# Moving from Canada



## Walker07 (Mar 14, 2011)

Hey all, 
I'm moving from Canada to Australia in a few months! and I'm trying to do a little research but can't find the information I need. In Canada, with regards to investments throughout your working career you have RRSP's, TSFA's, pension, etc.. Now, in comparing to Australia, which has Superannuation, my question lies in how does that work? 

Superannuation to my understanding is just simply cash in a fund that accumulates interest over the years. You cannot invest it or anything? 

I guess my question is what does Australia have that compares to 401k's in the U.S or RSP's and TSFA's in Canada? I'm trying to figure out some of this retirement saving - investing information before I jump into things I guess.

I'm going to start investing once I get there, but need to make sure that I know the facts. I'm assuming many of the banks have investing accounts much like North America anyways.

Any information would be appreciated!


----------



## megabuff (Oct 2, 2010)

*self managed super*

Hi

There are many different superanuation schemes.

You can go for low growth, low risk and high growth, high risk and a mixture of inbetween.

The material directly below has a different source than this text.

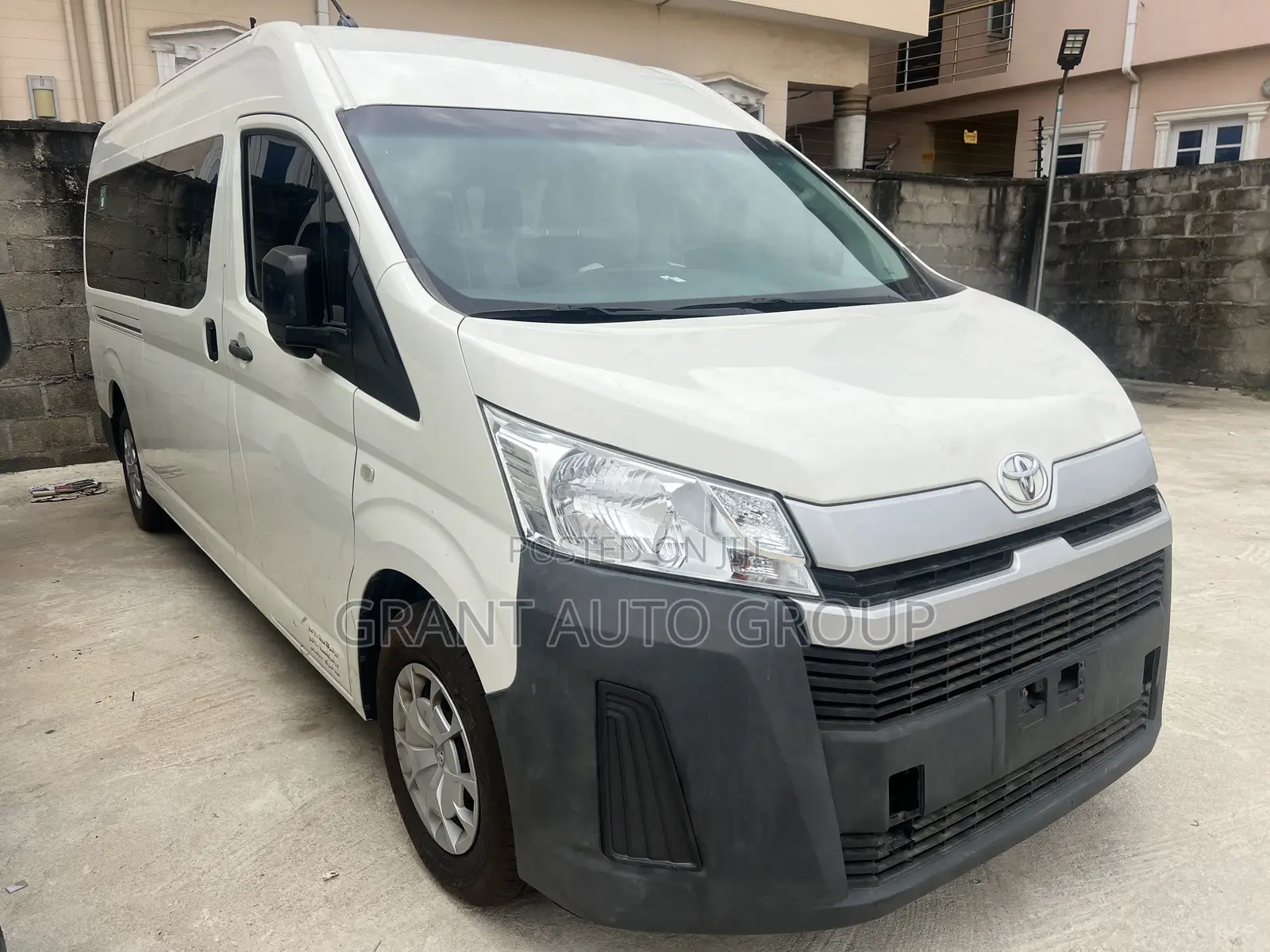 Toyota HiAce 2019 Silver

you can set up self managed funds where you invest your super money where you choose.

I would look at an Australian investment forum for more info


----------



## jeremyh (Mar 31, 2011)

*moving to Sydney*

Hi

I read that you want to move to Australia. About the superannuation in Australia i think you should go with high growth scheme if you are earning 100k or above annually other wise go with low growth scheme.


----------